Fonte: Limes
RABBRIVIDIRE PER KIEV?
Le tre ipotesi di reazione all’invasione russa dell’Ucraina: guerra al Cremlino, sanzioni economiche, stare a guardare. Perché abbiamo scelto la numero due, che assomiglia abbastanza alla tre. Derussificare i nostri consumi fossili è possibile. Ma con giudizio.
1. Proviamo a banalizzare, e non senza una qualche dose di cinismo. L’esercito di uno Stato sovrano (per esempio la Russia) penetra sparando nel territorio di un altro Stato sovrano (facciamo l’Ucraina). In teoria (banalità) abbiamo tre opzioni. La prima è l’opzione militare, e dunque dispiegare le forze in soccorso dell’invaso. La seconda è l’opzione economica, laddove ci teniamo lontani dal terreno ma ci ingegniamo a punire l’invasore impoverendolo attraverso «sanzioni» economico-finanziarie; e la terza è non far nulla e lasciar fare. Ciascuna opzione ha conseguenze proprie (cinismo). Se imbocchiamo l’opzione militare si muore tutti. Se imbocchiamo l’opzione economica si diventa più poveri tutti. Se lasciamo fare si muore e si diventa più poveri essenzialmente in Ucraina. Donde il paradosso per cui la terza opzione è in realtà molto gettonata; però per ragioni di political correctness sempre e comunque e solo (o quasi) sotto falso nome.

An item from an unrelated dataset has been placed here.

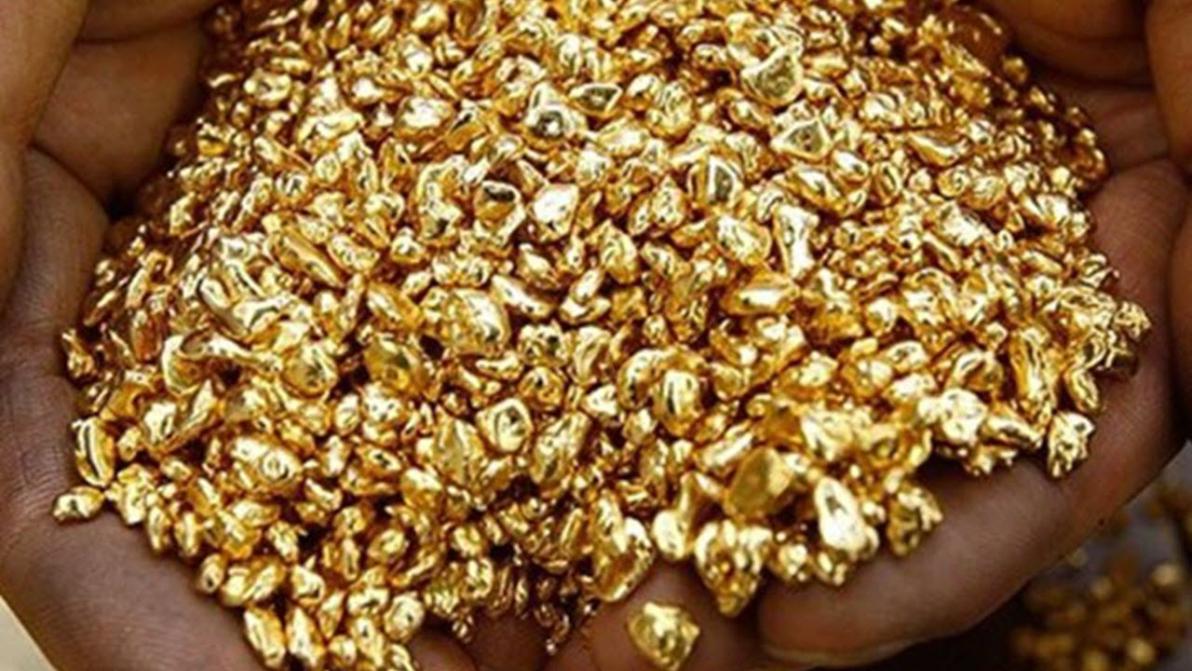 Breaking News: Canary Gold findet sichtbares Gold! Breaking News: Canary Gold findet sichtbares Gold!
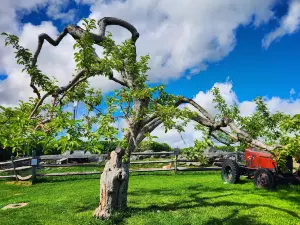 Red Apple Farm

2. La declinazione dei nomi dell’opzione 3 ha la sua versione più nobile nell’appello alla diplomazia. Niente guerra; niente sanzioni; tanta trattativa e una spruzzata abbondante di diritto internazionale. Si vis pacem para bellum è massima che questa declinazione non può che obliterare. Quali strumenti di negoziato, al netto della buona volontà, restino disponibili confesso non essermi chiaro. Qualcuno è giunto a sostenere che se disarmassimo ci sederemmo più forti al tavolo; ma a me che pur spero di sbagliarmi pare solo andargli a proporre di arrenderci noi invece dell’Ucraina. Temo accetterebbero.
Poi ci sarebbe la spruzzata di diritto internazionale, ma non è chiaro come funzioni. L’Onu è impedita al peacekeeping dal diritto di veto della Russia; e i tribunali internazionali mostrano propensione a perseguire crimini di guerra solo dopo che il presunto responsabile è stato sconfitto o quantomeno è caduto in disgrazia. L’opzione diplomatica ha il fascino del rinvio al ripudio costituzionale della guerra e alla sua (del ripudio) santità; ma a volte per potersi permettere di evitare la guerra bisogna ripudiarla almeno in due. La nobiltà si coniuga all’inefficacia; onde nella prassi l’abbandonarsi a una teoria pura dell’azione diplomatica equivale in realtà all’adozione dell’opzione del lasciar fare.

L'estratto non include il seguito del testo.